So any constant C, I need to include that. When I'm being asked for an indefinite integral like this, I need to write that this is equal to X cubed plus C. If I leave up the C, it's wrong.

If you leave up the C, you will get marks taken off.

If you forget the constant when you're asked for an indefinite integral, it is wrong.

Okay? This is something to like really ingrain in your brain.

It's an understanding thing. It's not just a simple oops I forgot a letter. It is. You need to understand that X cubed is not the only possible function whose derivative is 3x squared.

There are infinitely many functions that will give you that.

Okay, does this make sense? Any questions? I'm not saying that to like is carry or anything. I'm saying it because it's like a really important concept to wrap your head around.

It's kind of tricky. Okay. And it might seem like just some silly thing that you have to remember, but it's really.

It's really a conceptual thing.

Okay. This. I'm not going to go through this. Really not. It's not worth it to just read this all in class right now.

The idea is that we established a bunch of derivatives that are common, that we see a lot that we know we've derived them.

You can do the exact same thing for integration. Notice that all of those indefinite integrals have that C on the right hand side.

That's why I say it's really important. It actually is super, super important. The ways that we've derived these are. I mean, they're basically from the fact that we know all those derivatives, the one that I would draw your attention to and definitely slow down the videos, pause them, whatever you need to do to understand why the antiderivative of one over X is not just one of X, it's one of the absolute value of X.

Okay, that's a really good one. It's very interesting. I think the last rule. So the last thing on this page is basically that you've got that sum rule.

So when we were taking definite integrals, remember if you had the sum of two functions, you could split that up into two different definite integrals.

And you did the same thing for indefinite integrals.

The last thing was this constant rule. Remember for derivatives, it worked like exactly how you think.

You just pulled the constant out and then you took the derivative and then it works the same thing for definite integrals.

We already saw that. And so it does work the same way for indefinite integrals as well.

So it works in that I can take that right out of the indefinite integral.

Okay, Any questions? We're going to start doing some antiderivatives.

I won't have a chance to get through all of them. Of course, I will always put up my notes. It will be there. But really, really well and truly, these things just take practice.

You just need to try. You just need to work through a bunch of them. Okay. Because you will see things come up that maybe I haven't done in class.

But you still can do it. There's still functions that I'm not going to get to because look at that.

Look. Look at that list. There's so many things there. I can't possibly go through an example that has every single thing in there in class.

Okay, so let's start by actually just revisiting something that we've already seen.

So we already saw this graph. We already computed that integral from 0 to 4 of this function.

So effectively, what we're doing here is we're just checking that What I'm telling you is fact.
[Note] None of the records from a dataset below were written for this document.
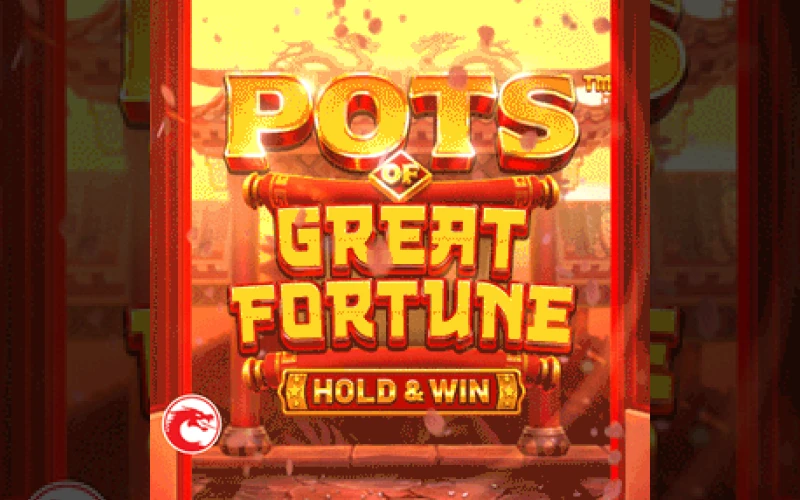 It's time to win the big jackpot with Pots of Great Fortune - Hold & Win at Dolfwin.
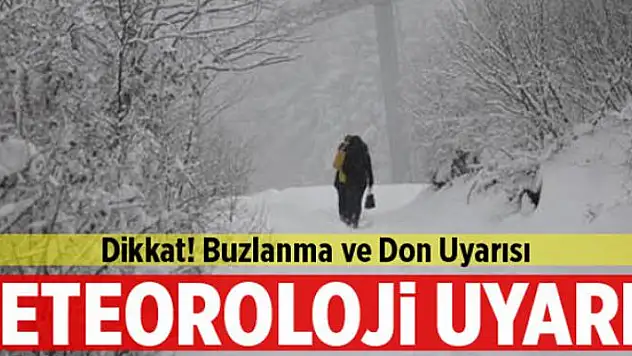 Meteorolojiden buzlanma ve don uyarısı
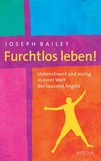 Furchtlos leben!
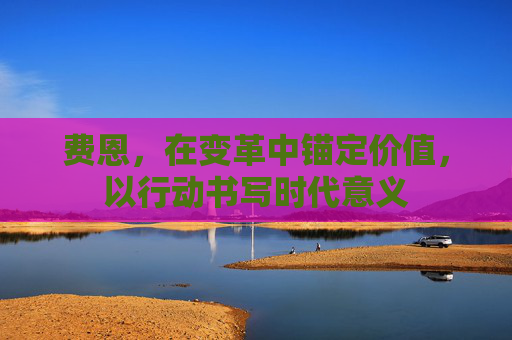 费恩，在变革中锚定价值，以行动书写时代意义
We're checking that. If I tell you you can take the antiderivative and the fundamental theorem of calculus, it'll give you the same answer.
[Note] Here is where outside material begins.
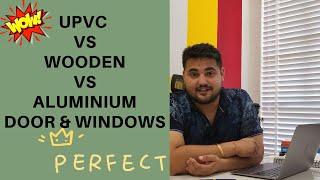 UPVC vs Wooden vs Aluminium door. What is the cost of wooden, aluminum, upvc window. Door frame wood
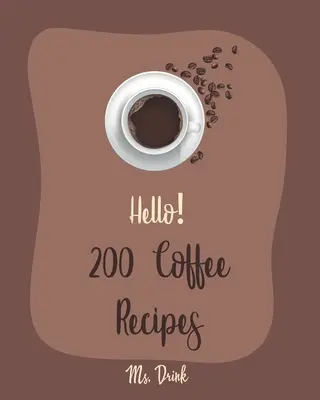 Hallo! 200 Kaffee-Rezepte: Das beste Kaffee-Kochbuch aller Zeiten für Anfänger [Latte-Rezepte, Cold Brew-Rezept, Starbucks-Rezept, Eiskaffee-Rezept, Irish - Hello! 200 Coffee Recipes: Best Coffee Cookbook Ever For Beginners [Latte Recipes, Cold Brew Recipe, Starbucks Recipe, Iced Coffee Recipe, Irish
We're checking that. I am not telling you lies, okay? I promise that this will give you eight like we checked last week.

Okay? And so the way to do that is I'm going to write my little F function.

So F of T is equal to 6 minus 2t. That was given to me in the problem. Okay? And the fundamental theorem of calculus tells me something about this.

It tells me that the Definite integral from 0 to 4 of f of t dt is equal to f big f of t from 0 to 4, which I could also write as f of 4 minus f of 0.

But if I left it like that, it's actually not what the fundamental theorem of calculus is telling me.

I need to know what that big F means. What? What did. I just. I've just introduced some big F and I haven't told you anything about it.

Okay. I've just said that it has to equal big F of 4 minus big F of 0, but I don't know what that is yet.

Yeah. Is the big F the antiderivative? Exactly. So I just need to write a little thing that says that that's what I'm using this notation for.

Okay? Because if you did just write this. Wow. We probably would know what you mean. It's not technically correct. If I haven't told you what big F even is like. Now, I've just written some notation. I don't know what big F is. I need to say that F of T is such that f prime of t is equal to 6 minus 2t, which is that little F of T. So I.

This is actually what the fundamental theorem of calculus is telling me about this problem.

I need to specify what that big F is because again, I actually can't even solve this problem if I don't know what big F is supposed to be.

Okay? So if I do say what big F is, well, if it's something where if I take the derivative, I get back that little F, that means it's exactly this.

It is the antiderivative or the indefinite integral of F of T DT, which is just the indefinite integral of 6 minus 2 T DT.

Okay? And now I can use some integration rules or integration techniques.

And I'm going to separate this into two different pieces because I've got a sum of two things.

I've got the 6 minus negative or minus 2T, which is really a sum.

And so I can write this as the indefinite integral of 6dt minus 2 times the indefinite integral of TD.

Now I can take these antiderivatives separately.

So the antiderivative of a constant, I have to think of something that when I take its derivative, I get a constant.

And the one thing that should pop right into your head is the linear function, right?

Because if I remember my power rule, I bring down the power, I subtract by one, I just get a constant, okay?

When I take that derivative. But remember, if I'm talking about an antiderivative, I need a constant, okay?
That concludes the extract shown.